For beginners, it is probably a good idea to start with some minimal examples; here I provide a few examples for Rnw, LaTeX, Markdown and HTML, respectively.
How is a report generated from R code
Regardless of which format you use, the basic idea is the same: knitr extracts R code in the input document, evaluates it and writes the results to the output document. There are two types of R code: chunks (code as separate paragraphs) and inline R code. For example, here we show a code chunk (using traditional Sweave syntax):
Example text outside R code here; we know the value of
pi is \Sexpr{pi}.
<<my-label, eval=TRUE, dev='png'>>=
set.seed(1213) # for reproducibility
x = cumsum(rnorm(100))
mean(x) # mean of x
plot(x, type = 'l') # Brownian motion
@
Other text outside R code here.
After weaving this chunk, we get the output as below. Compare them and you will realize the inline code \Sexpr{pi}
is replaced by the value of pi
, and the code chunk is also evaluated – numerical results are printed and plots are inserted in the output as well.

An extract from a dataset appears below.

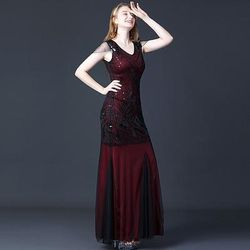 Anni Ruggenti Anni 1920 Lunghezza alla caviglia Vestito Abito da sera Maniche corte Il grande Gatsby Invitato al matrimonio Paillettes Scollo a V Costume Per donna Mascherata Festa serale Matrimonio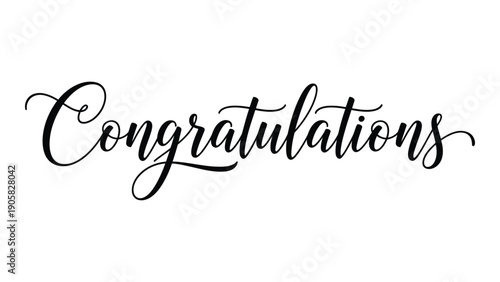 Elegant and cursive congratulations written in black ink Vector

Example text outside R code here; we know the value of
pi is 3.1415926.
set.seed(1213) # for reproducibility
x = cumsum(rnorm(100))
mean(x) # mean of x
## [1] -1.939758
plot(x, type = 'l') # Brownian motion
Other text outside R code here.
Now hopefully you have got an idea of how automatic report generation works. There are many options of which we can make use to tune the results, for example, we can use echo=FALSE
to hide the R souce code (usually you do not want R code to appear in a final report, unless you are writing a tutorial on R), or results='hide'
to hide the printed results (e.g. you will not see ## [1] -1.939758
above if you use this option), or control the format, size and alignment of plots. Beside local chunk options which you write between <<
and >>=
, you can also set options globally like:
knitr::opts_chunk$set(
echo = FALSE, fig.path = 'myproject/plot-', cache = TRUE
)
Once options are set globally, all the following chunks will be affected by these options, so if you use an option frequently in many chunks, you may want to set it globally.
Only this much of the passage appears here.